Не приходится удивляться, что собирая материалы к будущей книге, я наталкивался на опасения и страх со стороны даже близких родственников своего героя. Дети Войно-Ясенецкого принимали меня сначала дружелюбно, предоставили возможность ознакомиться с письмами отца, но затем испугались, решили, что появление книги может дурно повлиять на их профессорские карьеры. Особенно нервничал старший сын Михаил. Он несколько раз звонил ко мне в Москву из Ленинграда, требуя прислать на прочтение уже готовые главы. Подвергать свой труд цензуре я не спешил. В начале 1976 года, когда рукопись была почти завершена, Михаил Валентинович в телефонном разговоре начал угрожать: если я не познакомлю его с текстом, он обратится в ГБ. В июне 1977 года гебешники действительно совершили обыск в нашей квартире, но был ли замешан в этом Войно-Ясенецкий-сын, утверждать не могу.
С начала шестидесятых я разделил каждый свой год на две части.
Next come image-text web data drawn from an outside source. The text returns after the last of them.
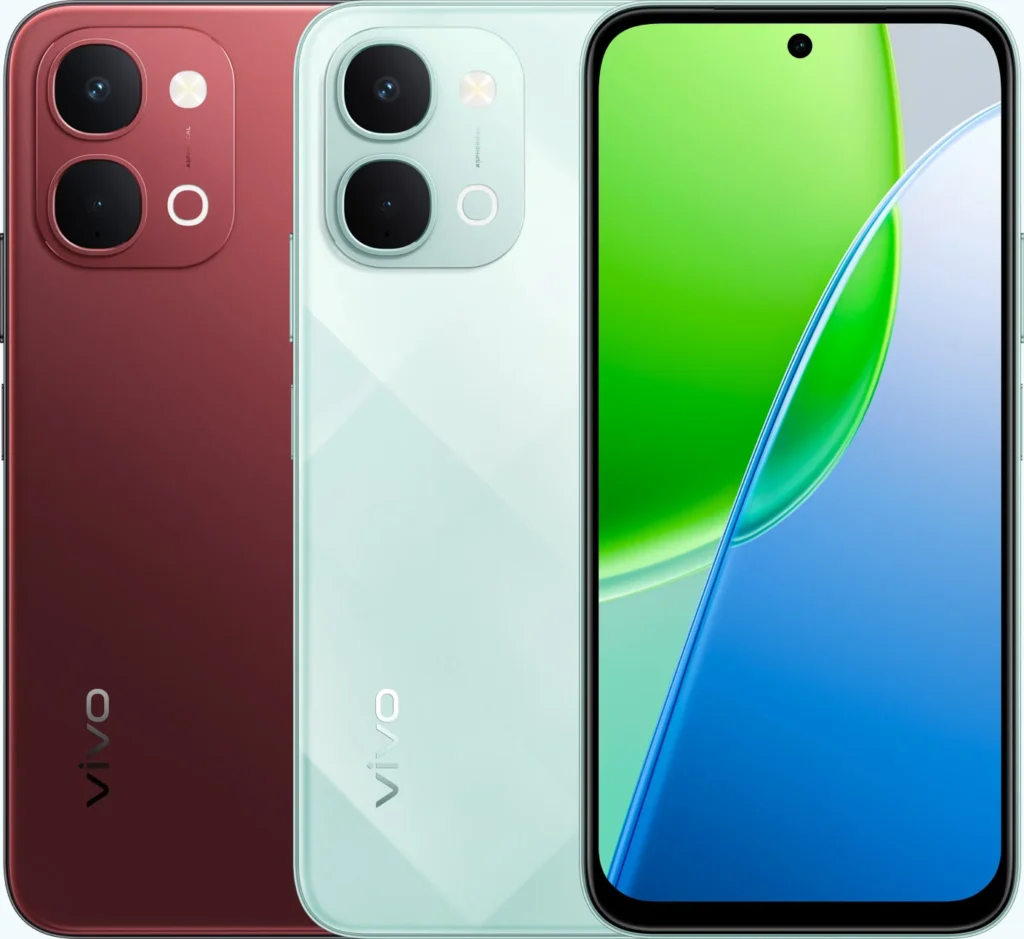 Vivo Y31t 5G, in Crimson Red and Seashore Green, backs and front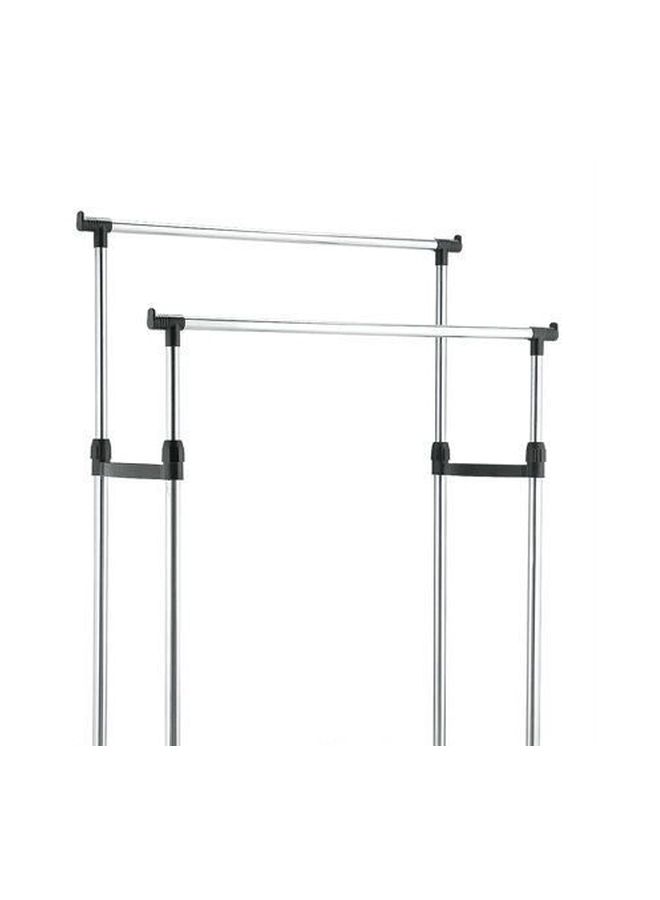 Generic - Double Pole Clothes Rack And Wheels Silver/Black - Image 1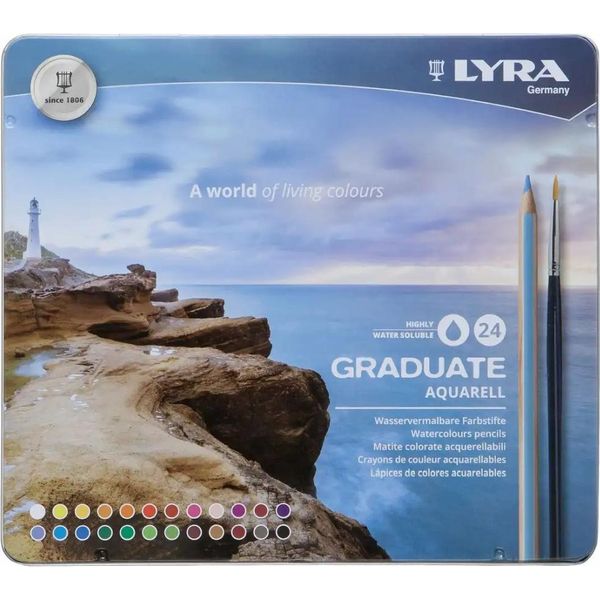 Matite Acquerellabili Graduate 24, 24 Colori Astuccio In Metallo, Lyra-image
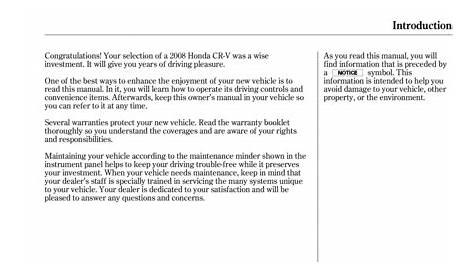 2008 Honda CRV Owners manual - Download Manuals & Technical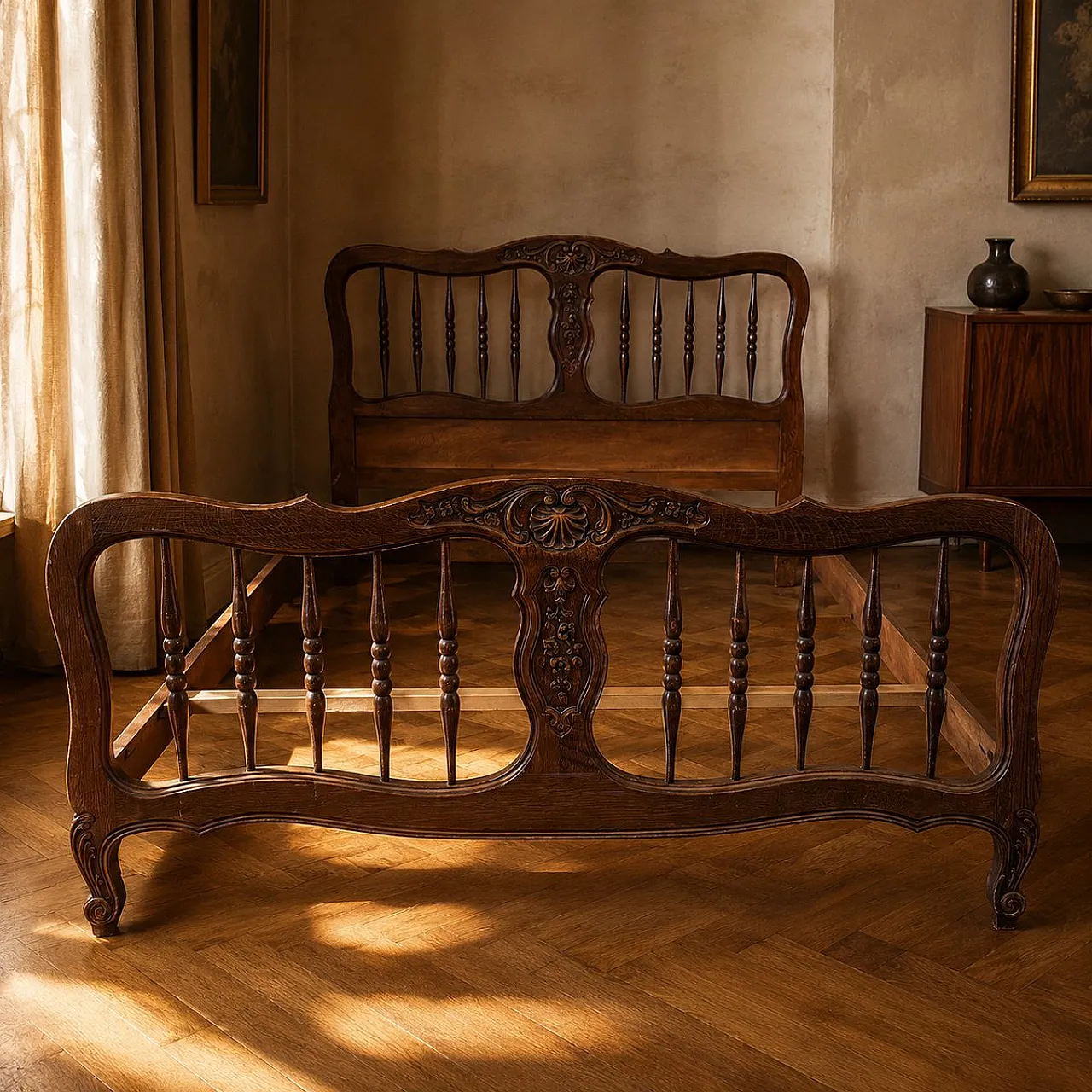 Carved wooden bed frame, early 20th century 1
Девять месяцев по-прежнему расходовал на добывание хлеба насущного, писал очерки и статьи для прессы, книги, пригодные для издания. В оставшиеся же три месяца удалялся в дома творчества, где погружался в писание сочинений, за которые в те годы сажали. Продолжалась эта двойная литературная игра почти полтора десятилетия. В конце концов гебешники разобрались, что к чему. В квартире нашей был учинён обыск, но рукописи, созданные между 1963 и 1976 годами, ушли к этому времени на Запад. И в том числе книга о Владыке Луке.
Но самым трудным оказался для меня год 1972-й. Материал был собран. Очередной свой отъезд в писательский дом творчества я твёрдо решил посвятить первой главе моей будущей книги. И тут — стоп! Размышляя о том, как наилучшим образом выстроить жизнеописания героя, я вдруг сообразил: моих знаний на такой труд не хватит. В свои пятьдесят, окончив школу, университет и медицинское училище, я оставался с типичным советским образованием. И конечно же, атеистом. С моими тогдашними безбожными представлениями открыть читателям духовный мир героя мне было явно не под силу. Я заметался в поисках человека, который согласился бы преподать мне основы христианской религии. Встретился с двумя священниками и даже с двумя епископами, но люди эти явно шарахались от этого странного писателя-еврея. Они вполне резонно подозревали во мне автора очередной антирелигиозной книжки.
Кто-то посоветовал поговорить с отцом Александром Менем, настоятелем маленькой церковки под Москвой. Этого ныне зверски убитого человека знают сегодня миллионы, но тогда, отправляясь в неведомую мне деревню (электричкой, потом автобусом, потом пешком), я об этом замечательном проповеднике ничего не ведал. Вот запись, которую я сделал в моём дневнике, вернувшись после первого свидания.
"27 июля 1973 года. В гостях у о. Александра Меня.
Ему, очевидно, лет 45, но воспринимается этот красивый священник с умным живым лицом и лукавыми блестящими глазами, как человек на редкость молодой (в том году о. Александру исполнилось 38). На нём полотняные брюки, пляжные туфли на босу ногу и жёлтая, очень идущая ему к лицу сорочка под чёрной курткой. Свободные движения, во всём нескованность, искренность, естественность. С ним удивительно легко и смеяться, и говорить о самых серьёзных материях. Они с женой занимают мезонин двухэтажного деревенского дома. На полках — масса книг по философии и истории всех и всяких религий, много редких изданий и изданий английских, французских, немецких. Я с завистью увидел всего Тейяра де Шардена. Комната, в которой о. Александр принимал нас, если не считать сравнительно небольшого киота и висящего в углу облачения, скорее всего могла бы быть жилищем философа-космополита. На этажерках фигурки Будды, а рядом бронзовое изваяние Данте. При всём том — скромность, простота.
Мы говорили о Войно-Ясенецком, о поисках материалов к моей книге. Потом он рассказал о своей литературной работе. Я взял первый том его изданного в Бельгии под псевдонимом шеститомник "Истоки религии" (1970). Очень хороший язык, широта знаний, широта обобщений.
Говорили о делах мирских. Впрочем, о. Александр никак не даёт понять собеседнику о своём сане. В его отличном русском языке нет никаких славянизмов, церковных оборотов. Еврейскую эмиграцию считает он делом чисто национальным, даже этническим, не имеющим никакого отношения к протестантизму политическому. "Каждый должен когда-нибудь добраться до своего дома," — говорит он. Мень знает и о ситуации в демократическом движении. Он одобрил тему книги, пообещал читать каждую главу и обсуждать возникшие проблемы, связанные с моей христианской непросвещённостью".